What do the terms security culture, soft skills, trust-based relationships, and empathy mean to you? What is your honest depth and breadth of understanding, embracing, and developing a security culture at all levels of the organization? How would you explain security in a way that everyone in your organization, from the CEO to frontline employees, would see its potential positive impact on the business and their work environment?

Regardless of your position in the security department, consider this scenario: your CEO walks into your office or calls via video conference and says, “I heard from another CEO friend about security cultures at work. Tell me what you think about that and how it can help our company.” You clearly remember the last all-hands town hall when the CEO spoke about effective communication—specifically speaking in a precise and concise manner to cut through the overwhelming amount of data and word salad encountered in organizations today.

Would you welcome this as a rare opportunity to enlighten the CEO with your security culture knowledge, experience, and wisdom, or would your mind start racing to think of a meaningful response? Would the CEO be impressed with your understanding of the company’s history, current challenges, strengths, and growth strategy?

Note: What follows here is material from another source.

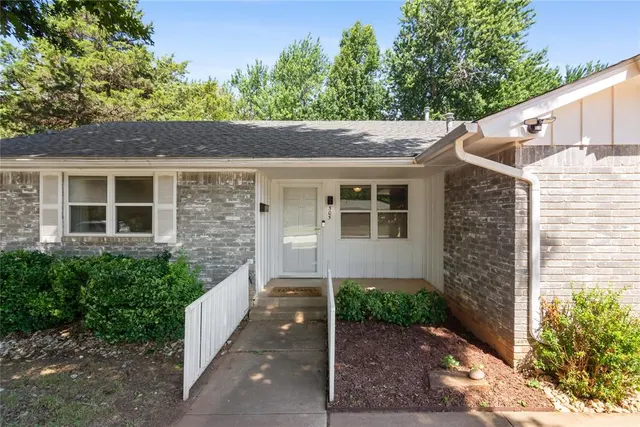 Photo 7 — 505 Meadow Lake Drive, Edmond, OK 73003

Would your explanation about the positive impact the security program has on employee engagement and talent retention be a new insight for the CEO?

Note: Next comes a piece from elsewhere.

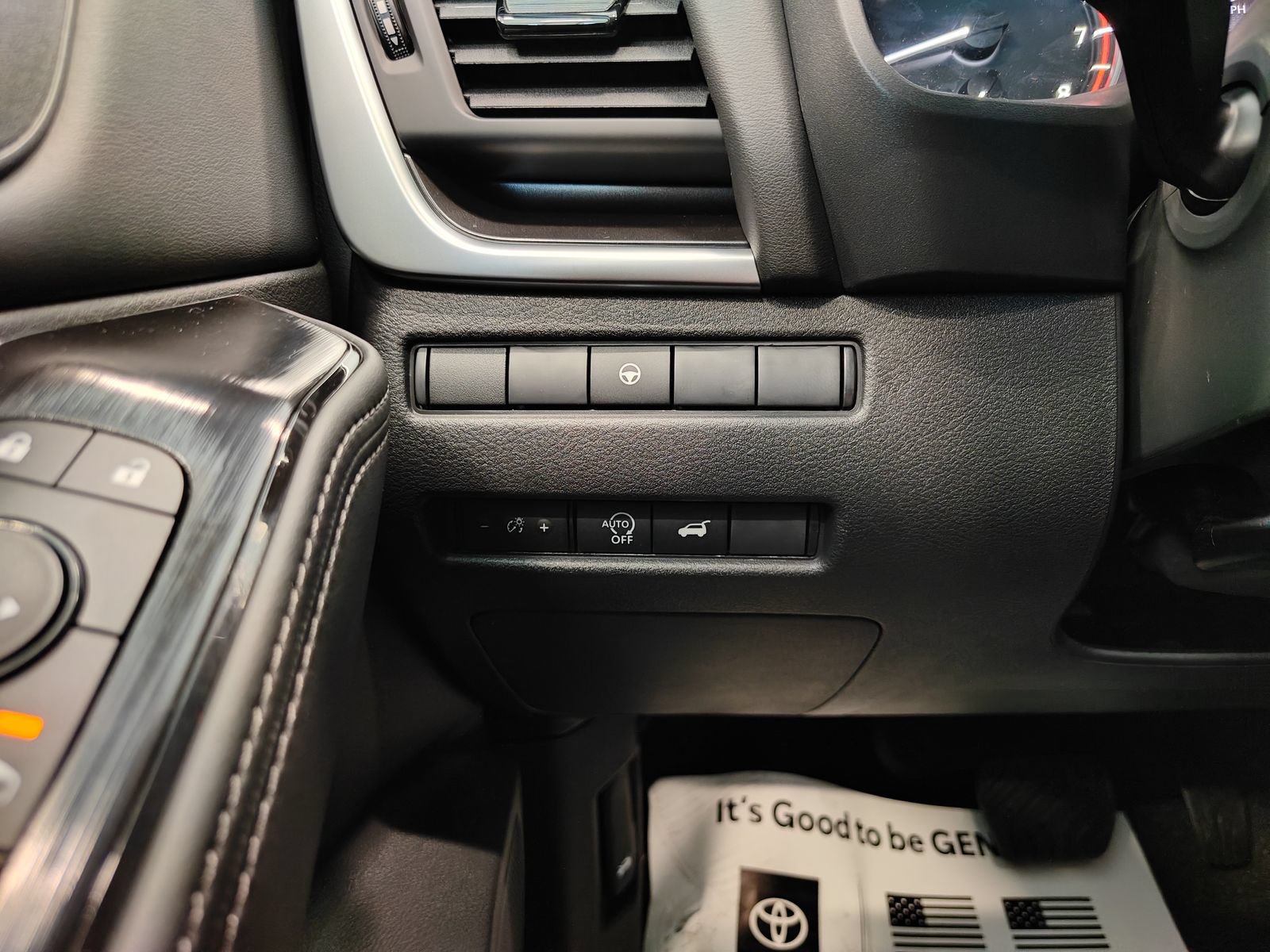 New 2026 Nissan Rogue SV AWD/4WD image 14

Are these your go-to phrases: “The security department instills security culture in all employees’ DNA,” “We train the employees to protect the company and it’s part of the company culture,” or “Our workplace violence program has a highly effective threat response team and that makes us have a great security culture”? These statements might be true and well-intended, but there are often other ways to approach conversations with senior leadership that would be much more effective.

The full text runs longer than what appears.